Deputy Prime Minister and Minister for Agriculture and Water Resources, the Honourable Barnaby Joyce MP, officially opened the state-of-the-art Agriculture Education Building (AEB) at the University of New England today.
The opening of the AEB marks the completion of the fifth and final phase of the $46 million Integrated Agriculture Education Project (IAEP) – one of UNE’s biggest and most comprehensive infrastructure projects to date.
Vice-Chancellor Professor Annabelle Duncan believes that the building provides a vibrant precinct where education, training and research will flourish.
“The new facilities of the AEB allow us to take the lead when it comes to training the next generation of agricultural and environmental scientists. Job advertisements for skilled agricultural professionals are currently outstripping applications. Now is the time to train graduates with the required qualities to address those shortfalls,” Prof. Duncan said.
In his address before opening the building, Mr Joyce observed that agriculture is more important than ever for global food and fibre security and for the Australian economy and that Armidale and UNE are playing a huge role in these areas.
“More young Australians are seizing the opportunity to study agriculture and agriculture-related disciplines here at UNE, and soon they will be able to extend their careers right here with the relocation of the APVMA and the ongoing development of this Agricultural Centre of Excellence,” Mr Joyce said.

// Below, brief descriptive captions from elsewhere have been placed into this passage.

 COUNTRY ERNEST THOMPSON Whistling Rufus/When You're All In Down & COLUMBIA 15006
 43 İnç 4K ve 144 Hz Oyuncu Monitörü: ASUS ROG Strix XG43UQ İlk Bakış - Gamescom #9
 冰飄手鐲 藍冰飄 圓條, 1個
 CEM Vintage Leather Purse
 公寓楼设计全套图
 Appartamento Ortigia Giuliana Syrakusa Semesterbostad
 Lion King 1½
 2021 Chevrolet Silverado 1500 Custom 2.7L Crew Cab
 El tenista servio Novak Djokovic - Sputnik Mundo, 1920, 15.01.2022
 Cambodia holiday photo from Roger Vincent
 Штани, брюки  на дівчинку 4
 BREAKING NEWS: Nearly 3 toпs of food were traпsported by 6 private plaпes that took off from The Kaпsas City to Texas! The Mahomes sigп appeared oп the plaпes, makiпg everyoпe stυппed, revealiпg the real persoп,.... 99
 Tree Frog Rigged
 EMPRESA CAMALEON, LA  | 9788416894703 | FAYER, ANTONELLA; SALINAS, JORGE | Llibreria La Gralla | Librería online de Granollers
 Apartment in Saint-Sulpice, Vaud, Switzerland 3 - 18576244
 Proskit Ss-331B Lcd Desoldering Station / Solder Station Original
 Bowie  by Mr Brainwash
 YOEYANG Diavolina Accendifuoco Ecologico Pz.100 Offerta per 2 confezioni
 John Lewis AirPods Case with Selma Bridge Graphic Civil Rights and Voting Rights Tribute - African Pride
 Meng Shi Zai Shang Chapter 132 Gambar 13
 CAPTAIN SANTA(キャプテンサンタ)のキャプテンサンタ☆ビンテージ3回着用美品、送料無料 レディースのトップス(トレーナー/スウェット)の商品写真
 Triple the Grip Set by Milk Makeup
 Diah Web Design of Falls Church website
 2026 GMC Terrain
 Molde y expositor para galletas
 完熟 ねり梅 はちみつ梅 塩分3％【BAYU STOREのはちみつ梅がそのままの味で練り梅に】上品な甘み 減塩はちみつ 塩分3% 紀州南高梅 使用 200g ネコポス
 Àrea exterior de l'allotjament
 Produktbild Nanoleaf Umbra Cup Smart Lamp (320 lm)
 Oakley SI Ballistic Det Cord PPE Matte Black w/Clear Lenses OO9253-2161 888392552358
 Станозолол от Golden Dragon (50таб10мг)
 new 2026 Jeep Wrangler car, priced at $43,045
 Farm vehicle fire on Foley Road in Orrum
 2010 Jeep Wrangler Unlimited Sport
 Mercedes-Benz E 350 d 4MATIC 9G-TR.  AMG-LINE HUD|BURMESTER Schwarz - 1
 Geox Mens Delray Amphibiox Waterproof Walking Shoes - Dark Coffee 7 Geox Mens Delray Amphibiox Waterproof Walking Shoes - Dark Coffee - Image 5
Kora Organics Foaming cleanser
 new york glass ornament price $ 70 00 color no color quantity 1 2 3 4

Students have access to modern teaching laboratories and lecture rooms while researchers can use specialised workrooms, such as the soundproof analysis laboratory chamber, to study their work.
“We share this space with CSIRO, who have offices on the upper floor, and who supervise some of our PhD students,” Prof. Duncan said, “adding to our growing collaboration with industry and providing industry-linked networking opportunities for our students.”
The building also houses the region’s first Natural History Museum with the skeleton of a carnivorous dinosaur from Lightning Ridge, as well as a diverse collection of animals, plants, and minerals on display.
We plan for the Museum to become a central repository for regional natural history collections and to be used as a learning resource by school groups. We are very keen to nurture the next generation of scientists,” Prof. Duncan said.
The AEB cost just over $27 million to build and is a joint funding initiative between Government through its Education Investment Fund, CSIRO, and UNE.
The building was designed by Francis-Jones Morehen Thorp, project managed by the Coffey’s Group and built by Cockram Construction.
The Natural History Museum will be officially opened to the public as part of the VC’s Open Day series of events in April.
UNE Chancellor Dr James Harris, UNE Vice-Chancellor Professor Annabelle Duncan and Deputy Prime Minister Barnaby Joyce at the opening of UNE’s new Agriculture Education Building.